# Nothing paid in 4 years - but gets adjournment anyway



## Bronte (22 May 2019)

- No payments since 2015
- Can sell, pay back bank, and buy a home, but won’t.
- judge put back case until October.
- that’s another six months away


----------



## Brendan Burgess (23 May 2019)

Bronte said:


> - that’s another six months away



Yes, but they have significant positive equity in their home, so the delay is not costing the lender anything.  Interest will continue to accumulate on the loan until it is paid off.

It's not like the celebrity couple who were in deep negative equity who lived rent free for 10 years and had the shortfall written off.

Brendan


----------



## NoRegretsCoyote (23 May 2019)

Brendan Burgess said:


> Yes, but they have significant positive equity in their home, *so the delay is not costing the lender anything.  *



But the loan is classed as non-performing. 

Does this not mean that for regulatory purposes the bank has to hold more capital? Is this capital free?


----------



## RedOnion (23 May 2019)

NoRegretsCoyote said:


> But the loan is classed as non-performing.
> 
> Does this not mean that for regulatory purposes the bank has to hold more capital? Is this capital free?


If you read the article you'll see it's a fund, not a bank.


----------



## Bronte (23 May 2019)

Brendan Burgess said:


> Yes, but they have significant positive equity in their home, so the delay is not costing the lender anything.  Interest will continue to accumulate on the loan until it is paid off.
> 
> It's not like the celebrity couple who were in deep negative equity who lived rent free for 10 years and had the shortfall written off.
> 
> Brendan


Yes the fact of that was mentioned by the judge. So it does make one wonder why they are digging themselves an even bigger hole. Plus costs are going to go down on them heavily if they keep this up. But more details here (there are always more to these stories)



_The court, which was told in December 2017 that the couple owed € 778,522, set this up within the next month, swearing by Mr. O & # 39; Kane, a quantity verifier, a sworn statement in which he explained their financial position. 
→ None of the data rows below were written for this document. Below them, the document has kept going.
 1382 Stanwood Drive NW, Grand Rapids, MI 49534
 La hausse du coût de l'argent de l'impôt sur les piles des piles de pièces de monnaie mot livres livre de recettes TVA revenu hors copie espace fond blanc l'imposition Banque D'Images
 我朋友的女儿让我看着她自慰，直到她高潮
Judge Linnane said she was unavoidable in other cases where banks were seeking possession Billy learned there were other outstanding debts. 

Mr. O. Kane had sought the advice of a financial adviser as part of the personal bankruptcy process, but did not inform the bank when his relationship with this adviser ended. _

- they have other debts
- they sought bankruptcy
- so maybe they just want to string this out as long as possible as they will lose everything eventually anyway[/I]


----------



## Bronte (23 May 2019)

BUSINESS RESIDENTIAL LOAN

That's interesting.  Odd type of loan for a home. Wonder is it one of the Ulster Bank 18,000.  They borrowed again after that.  Their bank got rid of them and the problem by selling off the loan.

The O'Kane's seem to be disputing ownership, which the judge will hear in October, but I'd say that's akin to the Freeman stuff somehow -and that will not end well. If it's not that, it will be something along those lines that the likes of Ben Gilroy and others exploit.


----------



## RedOnion (23 May 2019)

Bronte said:


> BUSINESS RESIDENTIAL LOAN
> 
> That's interesting. Odd type of loan for a home


A lot more common than you'd think. Particularly amongst entrepreneurs / self employed people.


----------